There are a couple of major consequences of assets remaining unclaimed.
- The first has to do with the compliance of asset-holding organizations such as banks, pension funds, and stock brokers. They are required by law to have processes and policies in place concerning unclaimed assets. If they do not comply with regulations and do not declare certain assets as unclaimed (having met specific criteria to be designated as such), they can be fined by the government.
- Another major consequence of unclaimed assets concerns primarily their owners. It’s fairly common for one of the partners in a family to be financially literate and take care of the family’s assets. It’s always a good idea for both partners to share that responsibility, but that’s often not the case. If the person who’s responsible for the material well-being of the family suddenly passes away, the rest of the family might find themselves in a very difficult situation. They’d not only be grieving for the loss of their loved one but would also find themselves in a vortex of bills, taxes and other responsibilities, making matters even worse.
How to mitigate the risk of unclaimed assets
As explored above, unclaimed assets are a serious concern which must not be taken lightly. They are a severe problem on their own, but when we take into consideration the fact they become unclaimed during times of extreme hardship for their owners, that significantly increases their negative effects.
Fortunately, there are many proven methods to mitigate the risk of unclaimed assets. These are the key things you can do:
- Don’t leave your loved ones behind
When you improve your financial literacy, don’t forget there are people depending on you. While understanding the stock market or knowing how to navigate the complex world of insurance are tremendously useful skills, their true positive effects are shown when both partners in a family share that knowledge.
- Inform your loved ones of your assets
Unforeseen events are called that for a reason. It’s one thing to know something bad is coming; it’s a completely different story when something happens out of the blue. It’s of paramount importance to let your loved ones know of your assets — at least what they are and in which organizations they are.
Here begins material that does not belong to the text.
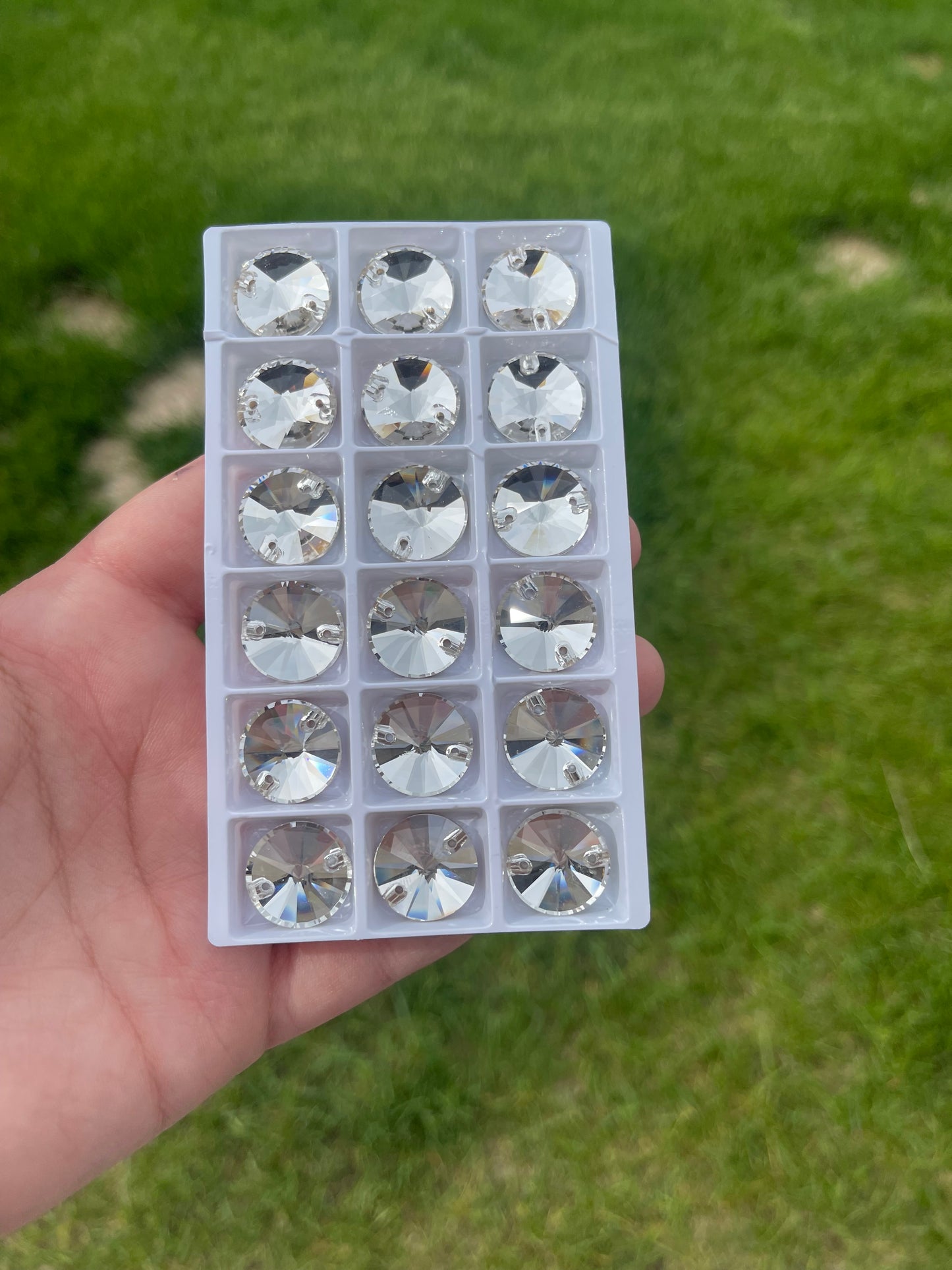 Clear Crystal Glass Rivoli Rhinestone 18mm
- Use a digital inheritance service
Fortunately, we live in a time where technology makes quantum leaps every single day. Digital inheritance services exist to help you mitigate a great deal of the risk associated with unclaimed assets. Our DGLegacy application allows you to categorize your assets in a safe space and designate beneficiaries for each of them. The proprietary algorithm we use in our Heartbeat protocol ensures your loved ones are notified should something unforeseen occur, so they’ll be proactively informed about their designated assets without having to worry about remembering access details or the location of physical vaults. Digital inheritance services such as DGLegacy ensure your loved ones will be able to identify and locate the digital and financial assets that you’ve designated to them.
- Create a will
Though we live in a technologically advanced time, creating an old-fashioned will is never a bad idea. Taking the time to name your beneficiaries in a legally binding format is one of the best investments you can make. Nowadays, you can also create a digital will — and we’ve made sure to explore that option and provide all you need to know about it in our dedicated article on the topic.